Why did people think ‘Long, Long, Long’ simulated Paul McCartney’s death?

It’s famously hard to win an argument with a conspiracy theorist; the truth can bend and definitives can be eluded at their own convenience. Which is why, when a living Paul McCartney tried to comfort The Beatles fans in 1966 and confirm he was not in fact dead, he found it increasingly difficult to be trusted.

So what even happened? Well, in 1967, Beatles fans were truly convinced that their most prized songwriter had tragically lost his life in a car accident. The story goes that McCartney rushed out of a Sgt Pepper’s Lonely Hearts Club Band recording session, in a manic frenzy with his bandmates.

Raging from whatever altercation was supposed to have happened, McCartney got into his Austin Healey and sped off before crashing to his death. The rumour mill that followed was suitably gruesome and outlandish, with fans convinced that in a bid to cover up the tragedy, the band enlisted William Shears Campbell (apparently referenced as Billy Shears on Sgt Pepper) as his seamless replacement.

Which, I’m not sure the fans in question were aware of, meant that McCartney’s looks and demeanor were not only commonplace, but so was his musicianship which is exactly what won their fandom in the first place.

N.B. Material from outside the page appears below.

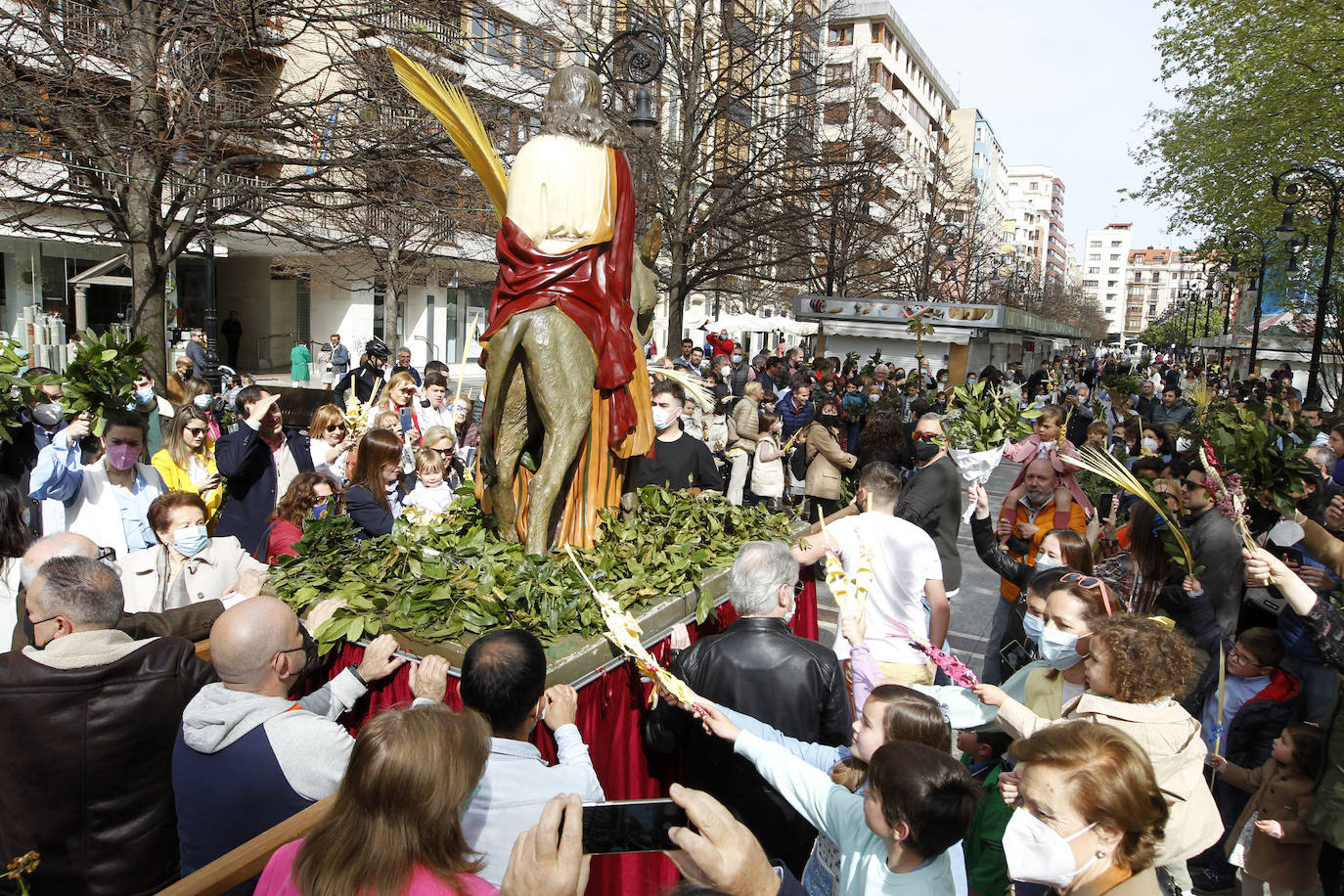 Las bendiciones de ramos vuelven triunfales junto a las procesiones de Semana Santa en el año en el que comienza la despedida de las restricciones por la pandemia.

The rumour mill continued to swirl, and the ridiculousness of McCartney’s own life being called into question provoked a response from the songwriter, who said, “I am alive and well and concerned about the rumours of my death. But if I were dead, I would be the last to know”.

Naturally, fans convinced of the tragedy couldn’t take McCartney, or Shears’ word for it and so were delivered another statement from a fan-led newsletters, which read: “The 7th January was very icy, with dangerous conditions on the M1 motorway, linking London with the Midlands, and towards the end of the day, a rumour swept London that Paul McCartney had been killed in a car crash on the M1. But, of course, there was absolutely no truth in it at all, as the Beatles’ Press Officer found out when he telephoned Paul’s St John’s Wood home and was answered by Paul himself.”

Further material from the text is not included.